§ To do
The entire listing below is to be written out exactly, minus the pictures.

§ Data section
-*-*-
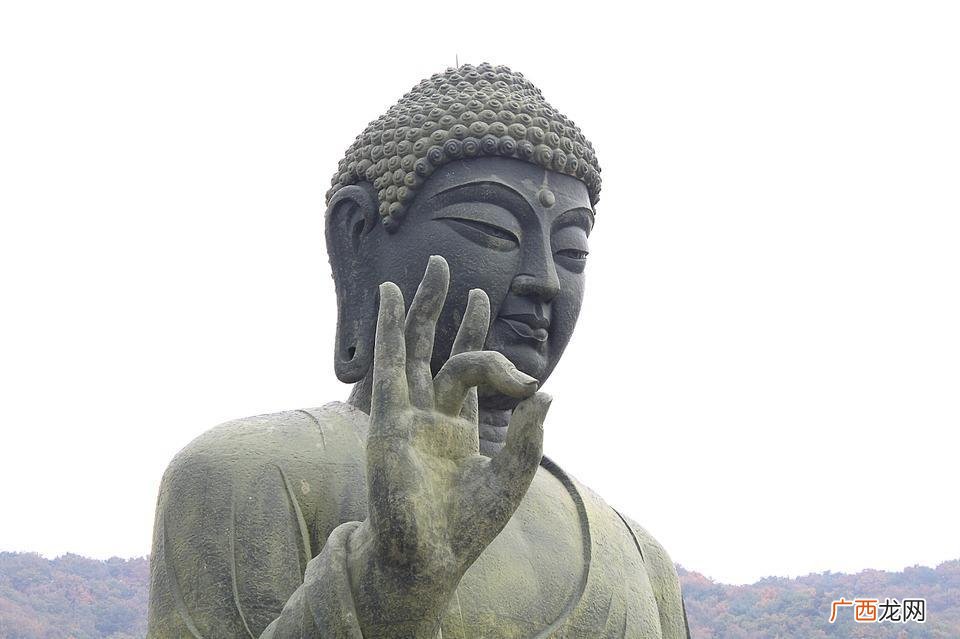 佛教的末法时期是什么时候 末法时代十大乱象都出现了吗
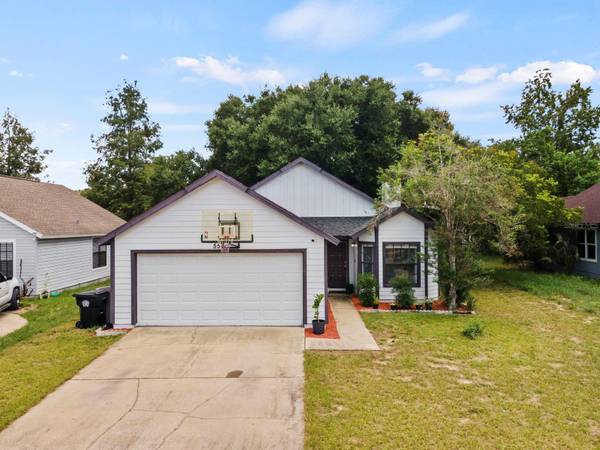 555 SWALLOW CT, Apopka, FL 32712
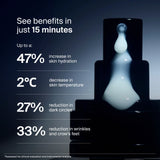 Pavise Precision Eye Lift - 0.5 fl. oz.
-*-*-
§ Task response
 佛教的末法时期是什么时候 末法时代十大乱象都出现了吗
 555 SWALLOW CT, Apopka, FL 32712
 Pavise Precision Eye Lift - 0.5 fl. oz.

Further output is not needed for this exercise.